Chapter 42

Chapter forty-two

Ruth

It takes little more than a day for Jay to start coming around to the fact that Everett and I are married. He’s still cautious, but then, my brother has always been guarded.

My friends, on the other hand, have forgiven us almost entirely.

The girls and I drank wine by moonlight, and all four of us cried.

I know what I did was selfish. I might as well have proposed at a wedding.

We got carried away in all the excitement, and with another ocean-sized separation looming ahead of us, we did the only thing we could think of in the moment: bind ourselves together, ‘til death do us part.

Our week in Phoenix is almost over. We’ve made the most of it, from the time spent with friends to the time spent with each other.

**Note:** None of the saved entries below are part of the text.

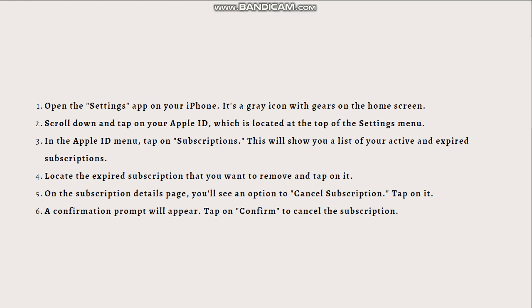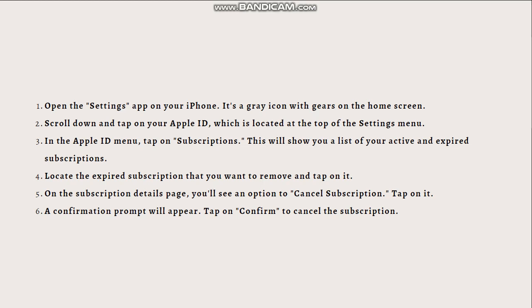Additionally, keep in mind that canceling a subscription does not provide a refund for any unused portion of the subscription. If you believe you're entitled to a refund, you may need to reach out to the app or service provider directly for further assistance. That's all for this video and I hope you learned something.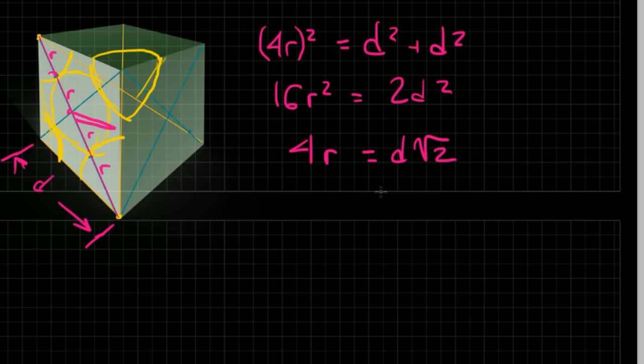And from here, now I can say, well, if I've got an edge length of whatever, I just plug in the edge length for d, or if I've got a radius when I'm starting out, I can fill it in there.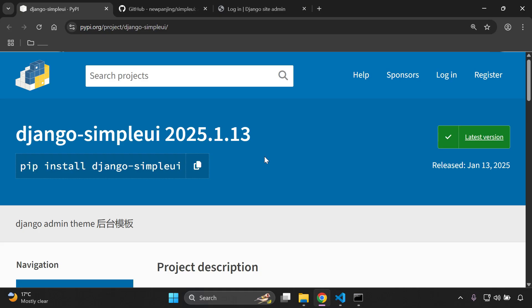Hi everyone and welcome to my next video tutorial which is going to be focused on customizing the Django admin with Simple UI.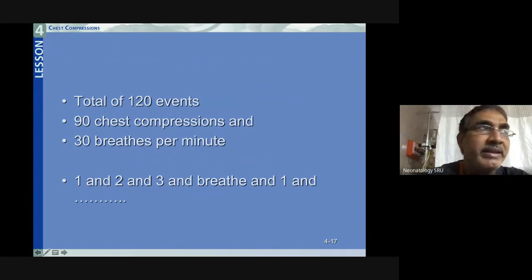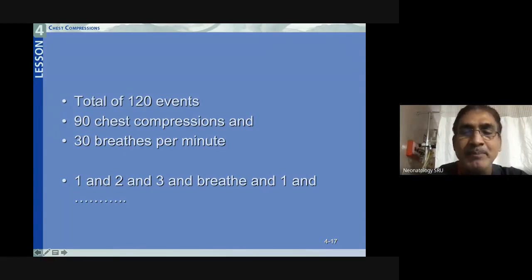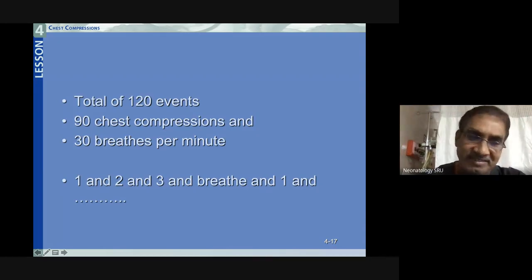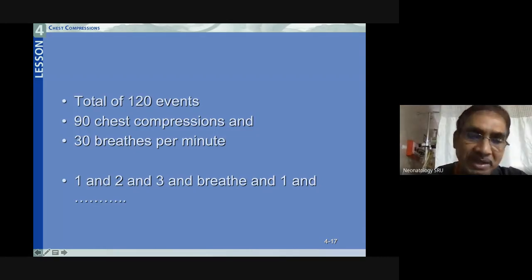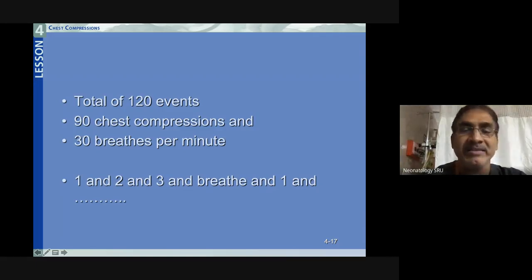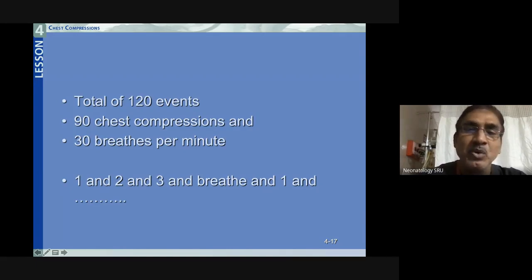The coordination rhythm: one is compression and relaxation, two is compression and relaxation, three is compression and relaxation, followed by breathe — at that point the person holding the bag gives a breath. Continue this as: one-and-two-and-three-and-breathe, repeating without interruption for approximately 60 seconds.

But it suddenly occurs to me—in the aftermath of some of the most glorious, earth-shattering orgasms I think I’ve ever had—that I just married this man without ever having some of the tough conversations.

The ones where we share our values, where we find out whether or not we’re on the same page before we commit to spending forever together.

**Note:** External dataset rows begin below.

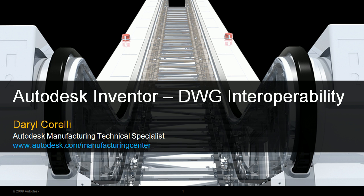Hey everyone, welcome to a short demonstration on Autodesk Inventor's DWG interoperability. My name is Daryl Corelli, and I'm a technical specialist with Autodesk's manufacturing group.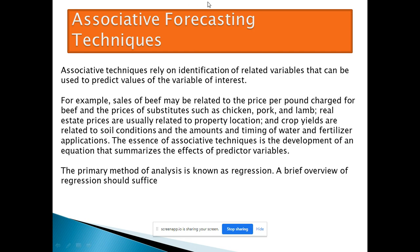Another forecasting technique is associative forecasting. Associative forecasting involves identifying a related variable that can be used to predict the value of the variable of interest. For example, sales of beef may be related to the price per pound charged for beef and the price of substitutes such as chicken, pork, and lamb. If the chicken price increases, the demand for beef automatically increases. The primary method used in associative forecasting is regression analysis.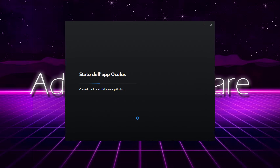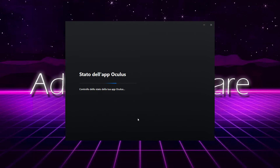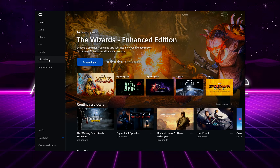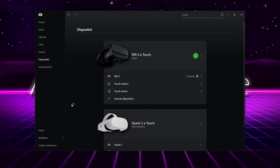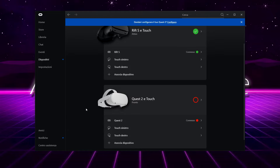Number three: restart Oculus Client, and now you should see in Devices that Quest 2 is not connected. Number four: turn on Quest 2 and plug it to your PC, and now it should work.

I roll onto my side as Everett crawls back into bed beside me. He settles on his side, facing me, my throat directly in his eyeline as I prop myself up on one elbow.

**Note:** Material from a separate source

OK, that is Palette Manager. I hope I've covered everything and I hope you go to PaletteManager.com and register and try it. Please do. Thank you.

“Do you want kids?” I ask. My mouth is dry, and I’m not sure I want to hear his answer. The second the words are out, lingering heavily in the musky air between us, I regret them. I want to take them back, bury them deep down in a box and throw the key into the ocean.

“Straight in with the deep questions, huh? Not gonna take me out to dinner first? Not gonna use a little lube?” His chuckle is light, but the tightness that appears around his eyes belies that. For the first time since meeting Everett Tanner, fear for our future begins to fog my vision.

“Be serious.”

“I don’t know, Ruth.” He sighs heavily, and a tightness begins to appear around his eyes.

I scrunch mine closed so I can’t see it.

“I guess I always saw myself with a wife and kids and a dog, someday. But I also saw Brooks and Jody standing with me at my wedding. I guess I saw my bride wearing some big floofy white dress. A few hundred people we barely know making polite small talk for hours until I could finally get my head under all those layers of skirts for some celebratory wedding night pussy eating.”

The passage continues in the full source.